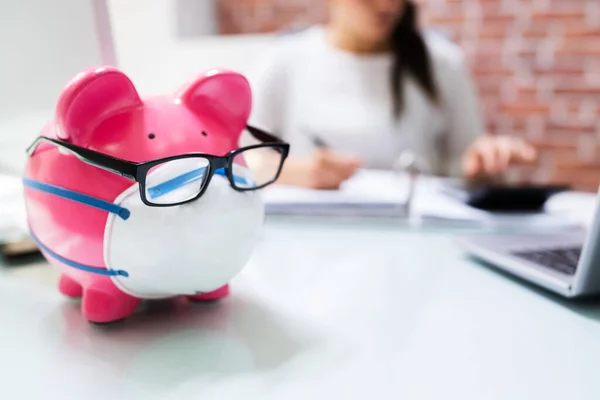 Sparen Sie Geld Sparschwein Budgetierung Und Finanzprüfung — Stockfoto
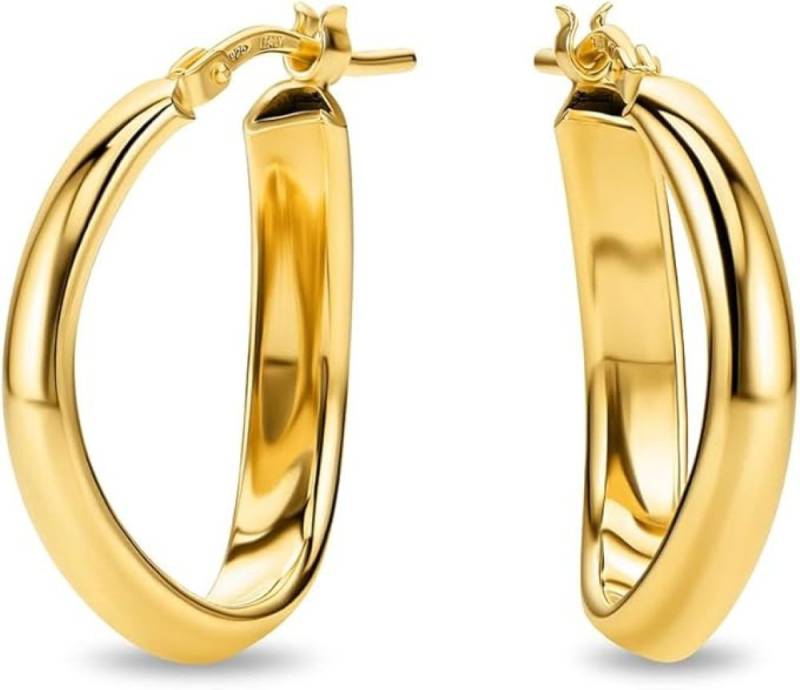 Miore Paar Creolen MAR007SE - 925 Sterling Silber 18Kt vergoldet 20mm Durchmesser, Damenohrringe handgefertigt in Italien von Miore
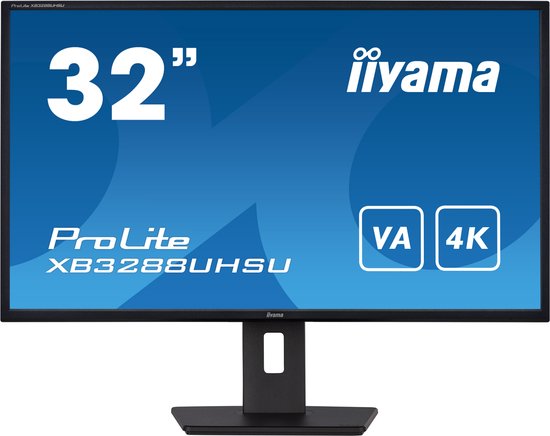 iiyama ProLite XB3288UHSU-B5 - 32 Inch - VA - 4K - USB-hub - In hoogte verstelbaar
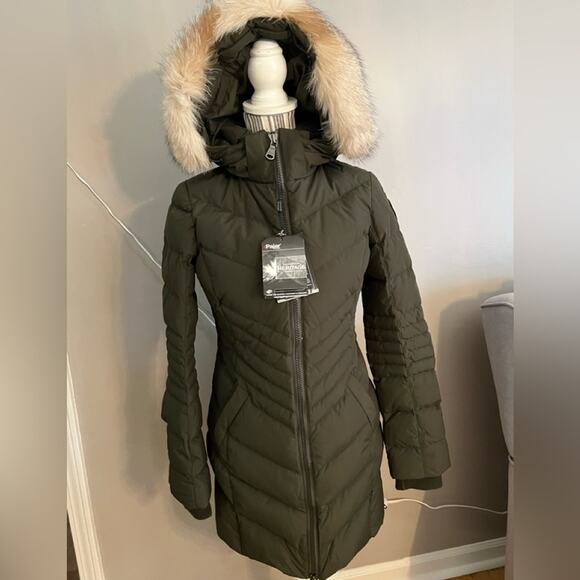 PAJAR WOMENS “GOOSE’ DOWN WINTER JACKET WITH FUR HOOD SIZE XS NWT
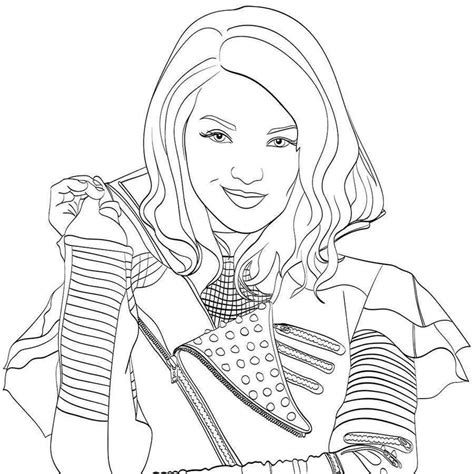 Descendants 2 Coloring Pages Mal And Evie Disney Descendants Coloring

- _How to complete this task_
Word for word, quote the lines above. Omit the pictures.

- _Finished exercise_
 Sparen Sie Geld Sparschwein Budgetierung Und Finanzprüfung — Stockfoto
 Miore Paar Creolen MAR007SE - 925 Sterling Silber 18Kt vergoldet 20mm Durchmesser, Damenohrringe handgefertigt in Italien von Miore
 iiyama ProLite XB3288UHSU-B5 - 32 Inch - VA - 4K - USB-hub - In hoogte verstelbaar
 PAJAR WOMENS “GOOSE’ DOWN WINTER JACKET WITH FUR HOOD SIZE XS NWT
 Descendants 2 Coloring Pages Mal And Evie Disney Descendants Coloring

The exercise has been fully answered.